**RECORDED INFORMATION**.
▬▬▬
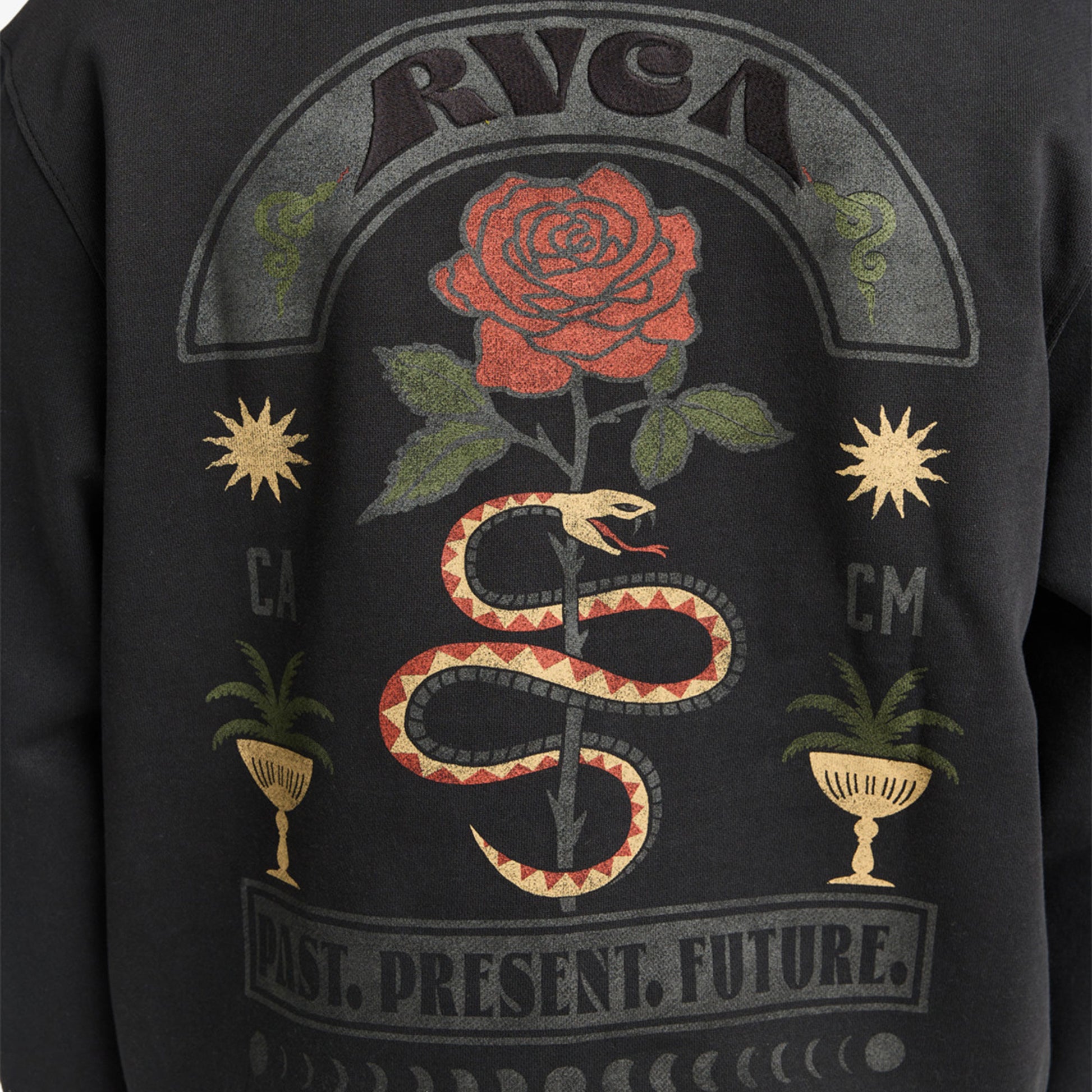 RVCA Roses Poster Hoodie Black  - EVYSF00135-BLK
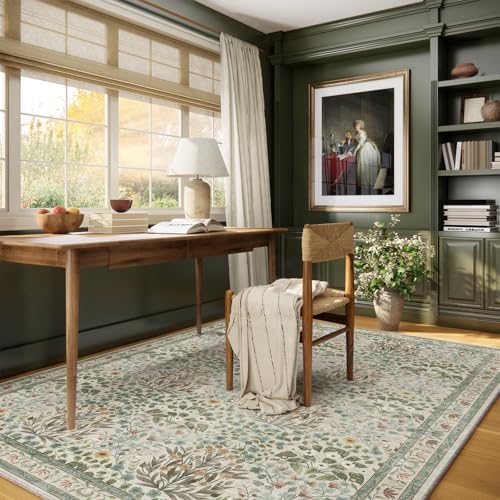 Image of Beige Blue Area Rug 5x7 - Vintage Washable Floral Rug for Living Room, Bedroom, Nursery & Entryway - Low Pile, Non-Slip, Stain Resistant, Retro Indoor Carpet
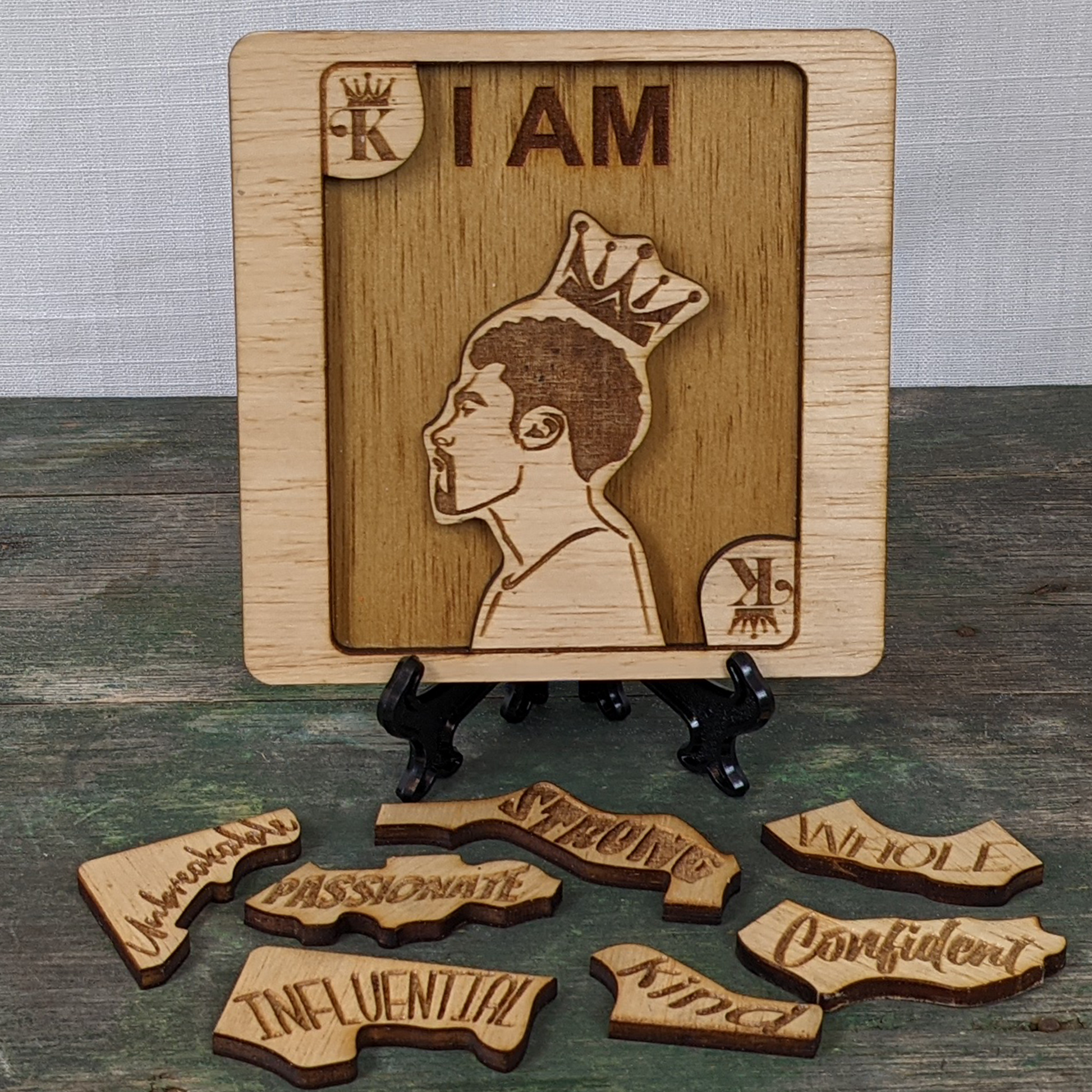 "I AM" Affirmations Puzzle - King pieces out Whole Confident Influential Passionate Unbreakable Strong Kind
▬▬▬
**ABOUT THIS TASK**. All of the material above should be set down again exactly, though not its pictures.

**OUTPUT BELOW**.
 RVCA Roses Poster Hoodie Black  - EVYSF00135-BLK
 Image of Beige Blue Area Rug 5x7 - Vintage Washable Floral Rug for Living Room, Bedroom, Nursery & Entryway - Low Pile, Non-Slip, Stain Resistant, Retro Indoor Carpet
 "I AM" Affirmations Puzzle - King pieces out Whole Confident Influential Passionate Unbreakable Strong Kind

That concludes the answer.